Laila was born in Pematang Siantar, North Sumatra. Her father was a truck driver and her mother sold food in a local traditional Indonesian marketplace.
Laila, now Head of the Aquaculture Section in the Marine, Fishery and Agriculture Agency of the Banda Aceh Municipality, excelled in chemistry while in high school – but also took time out to go camping with friends.
“Although I had always wanted to become a nurse when I finished my education, I ended up studying soil science at Universitas Syiah Kuala in Banda Aceh,” Laila said.
During her one and a half years Australia Awards program in Environmental Planning at Macquarie University in 2006 and 2007, Laila was impressed with how approachable the lecturers were and of the high quality of resources available to students.
“It also gave me a wonderful opportunity to improve my diplomacy and negotiating skills – because we were often expected to work together in small groups.”
Since returning from Australia with her master’s degree, she has been utilising the skills and knowledge gained during her studies in Australia. “I will be gradually introducing these new skills into work activities - especially team building, along with communication skills.”

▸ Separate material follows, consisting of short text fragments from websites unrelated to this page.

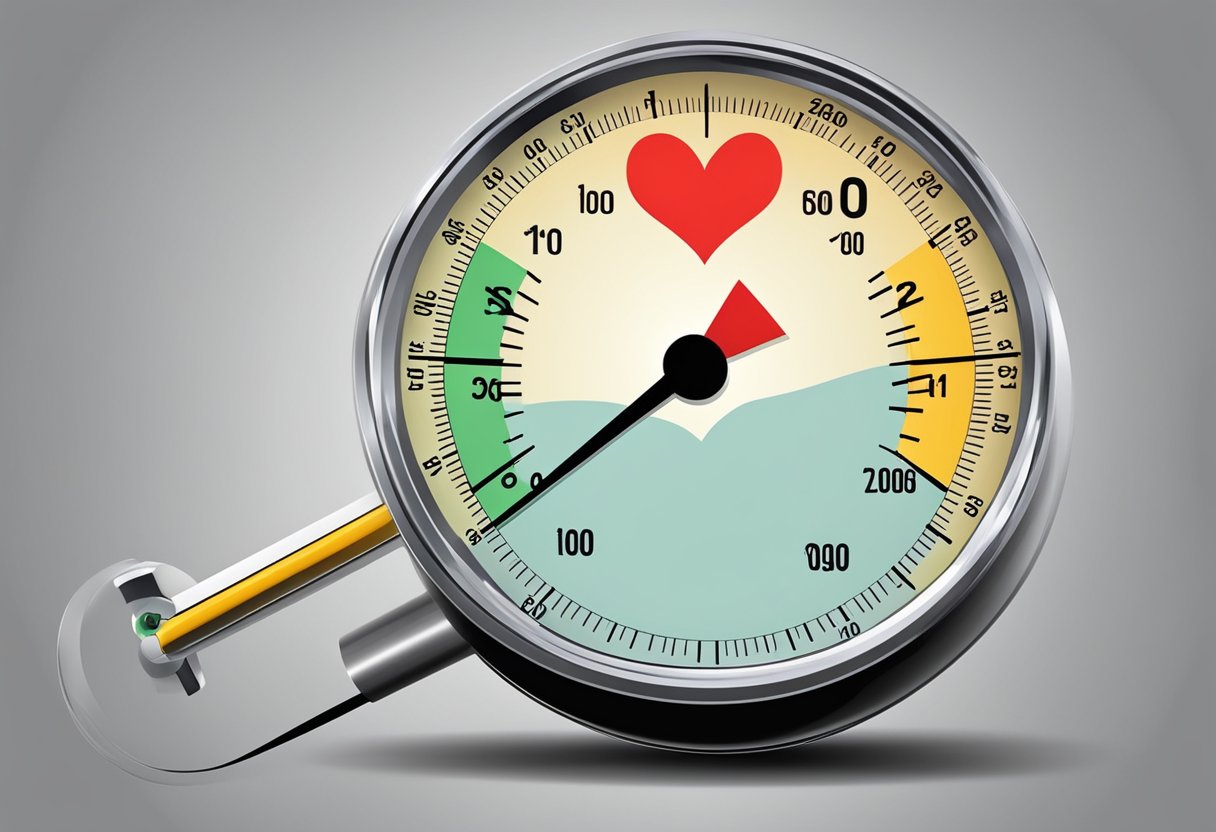 A heart with a downward arrow and a pressure gauge showing low levels
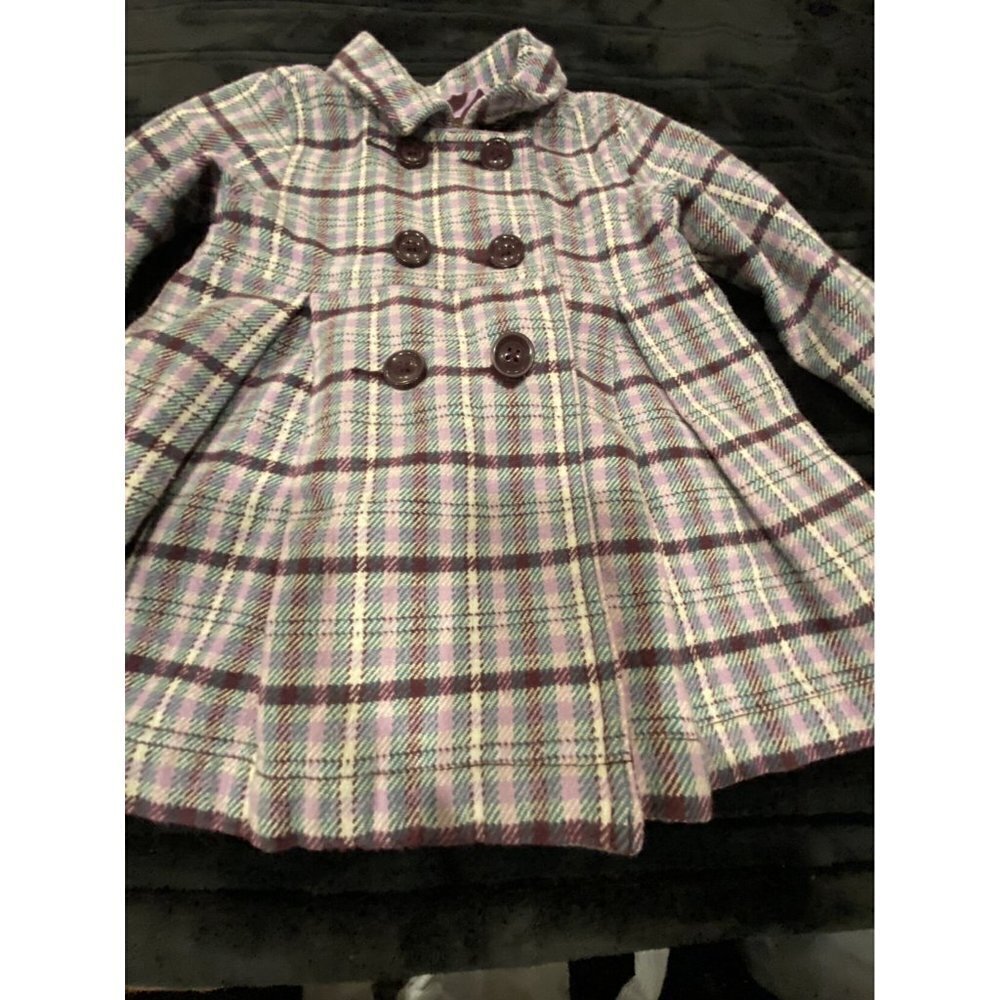 Old Navy Double Breasted Lined Peacoat Plaid 4T - Picture 3 of 11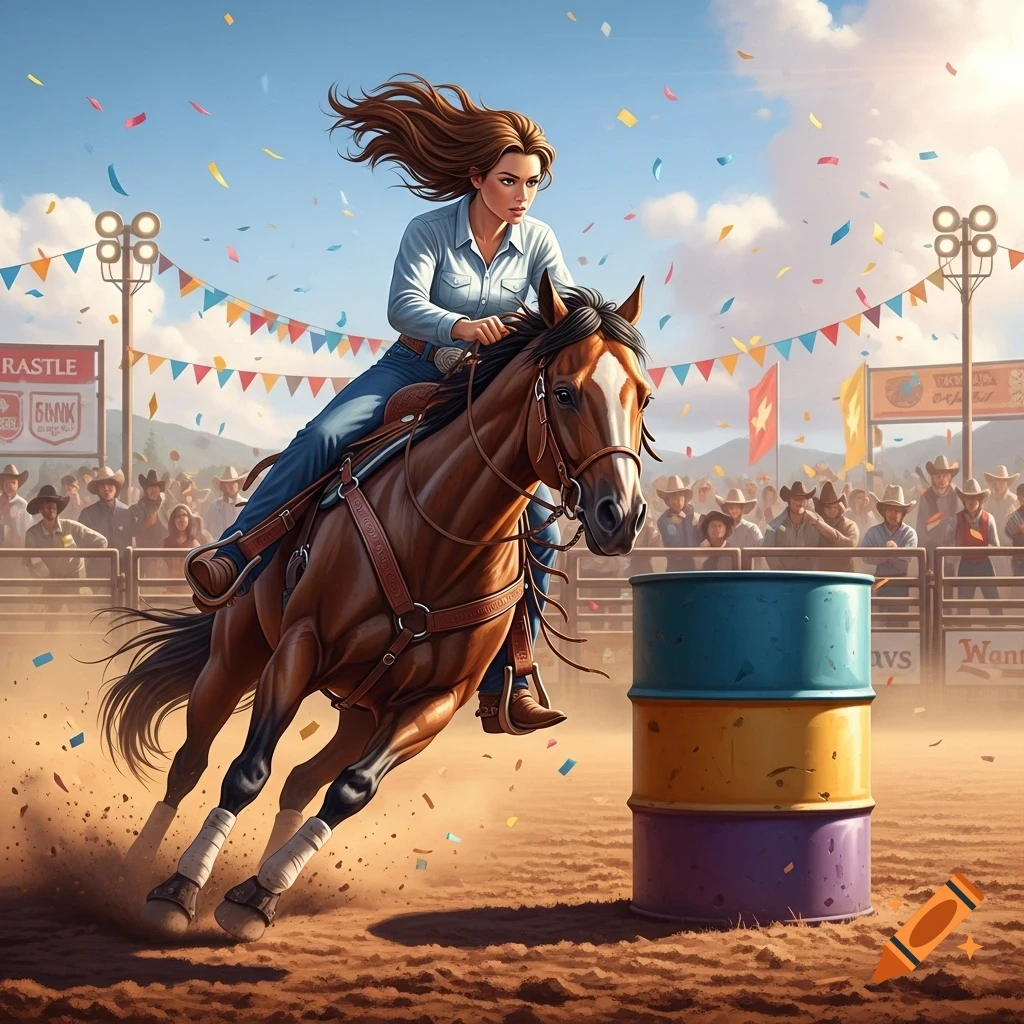 A cowgirl on a brown horse gallops around colorful barrels at a rodeo arena filled with spectators and confetti under a bright sky.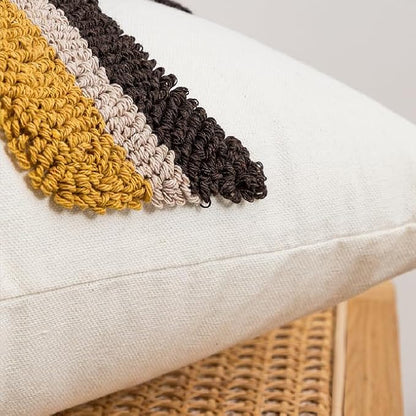 Boho Abstract Tufted Lumbar Pillow Cover 12x 20, Geometric Rainbow Cottagecore Decor Linen Pillow Cushion Case, Neutral Accent Farmhouse Home Decor for Outdoor Couch Bedroom Car Ginger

Laila encourages successful Australia Award applicants to embrace the opportunity for study in Australia.
“If you do this, it will result in positive benefits and greater achievements in your life,” she advised. “Use all the available resources to improve your skills and knowledge, especially in improving your English skills.”
“I feel good knowing that Australia is maintaining its relation with its Australia Awards alumni, and happy to be one of Alumni Reference Group (ARG) members.”
Laila is keen to continue her studies on coastal management at the PhD level at the University of New South Wales in 2011 under the Australia Leadership Award Scholarships. She hopes to conduct research on the management of coastal areas in Aceh following the damage caused by the 2004 tsunami.
“Perhaps I might even have the opportunity to work within the provincial development and planning agency (BAPPEDA) here in Aceh in the future,” Laila smiled.